La jeune femme baissa la tête, coupable. Le moine sourit de nouveau avant de continuer.
- Les humains raisonnent de façon absurde allant jusqu’à incriminer Dieu ou leurs semblables de leur mener la vie dure, sans raison valable. S’ils ont tant de difficultés à trouver un sens à leur vie, c’est simplement parce qu’ils croient que leur vie présente est coupée du passé et sans aucun rapport avec l’avenir auquel certains d’ailleurs ne croient même pas. Or, il est indéniable que le présent dépend du passé et que le présent construit également l’avenir. Dès qu’on admet cette conception, tout devient tellement clair. On finit par comprendre que chaque événement de notre vie a sa raison d’être…
- Si je suis donc votre raisonnement, l’interrompit la jeune femme, la prière n’a donc aucune espèce d’importance puisqu’elle ne peut agir sur notre vie présente ?
- C’est une mauvaise compréhension de la prière. La prière est le moyen par lequel l’homme loue la perfection de Dieu à travers les principes qu’il a établis. Souvent, dans les épreuves, on entend les gens dire : tout ce que Dieu fait est bon. Alors, si tel est le cas, il faut l’en remercier. Il faut dire : « Seigneur Dieu, maintenant j’ai compris : si j’ai ces épreuves à subir, cela signifie que je paie mes dettes et c’est très bien. Je ne me révolterai plus et je ne te demanderai plus d’être épargné. » La prière permet également à l’homme de demander à Dieu la Sagesse, c’est-à-dire l’acquisition de la Vérité intemporelle et des vertus cardinales, seul gage pour un avenir radieux. Dès aujourd’hui, tu peux préparer ton avenir par le désir, la pensée, la prière. Alors, va et mène le Bon Combat sans toutefois oublier ceci : on ne parvient au bonheur que par la connaissance de Dieu.

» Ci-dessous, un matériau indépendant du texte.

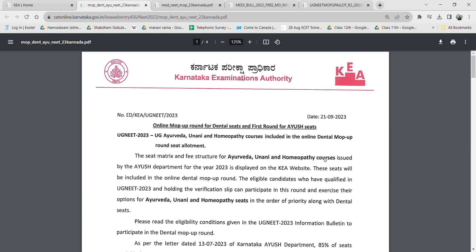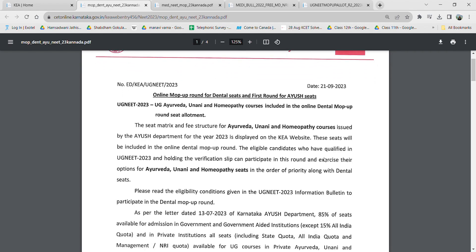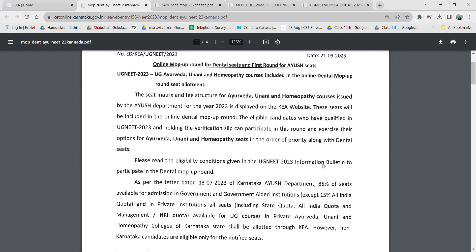Hello and welcome to 4S Biology. There is an update regarding the dental and first round IUSH courses. The mop-up dental round and the first round of IUSH will be allotted simultaneously. If you wish to participate in dental, you can add dental colleges; if you wish to participate in IUSH, you can add IUSH colleges; and if you want to participate in both, you can add both.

C’est sur cette dernière phrase que le moine se leva et disparut au détour de la porte…
La jeune femme se leva et lui emboîta le pas. Mais dès qu’elle sortit de la pièce, un remue-ménage infernal se fit entendre de celle d’en face : des cris, des hurlements, des gémissements qui lui déchiraient le cœur… Des êtres y étaient enfermés et cherchaient vainement à s’échapper.
Quand elle revint à elle, elle se sentait bouleversée par toutes ces vérités bien qu’elle avait le sentiment que quelque chose de puissant et de grandiose venait de se produire en elle : elle ne détestait plus Dieu.
Cette histoire m’a été racontée par un ami qui avait une immense connaissance des Lois cosmiques. Il m’a demandé de tenter la même expérience que cette femme. Après avoir longtemps hésité, je m’y suis mis et je ne vous le dis pas, ce que j’ai découvert a largement dépassé mes espérances. Voilà pourquoi désormais, j’apprends à aimer Dieu au lieu de le détester comme j’avais pris la mauvaise habitude de le faire. Vous aussi, vous pouvez tenter cette expérience fabuleuse. Votre vie s’en trouvera certainement changée.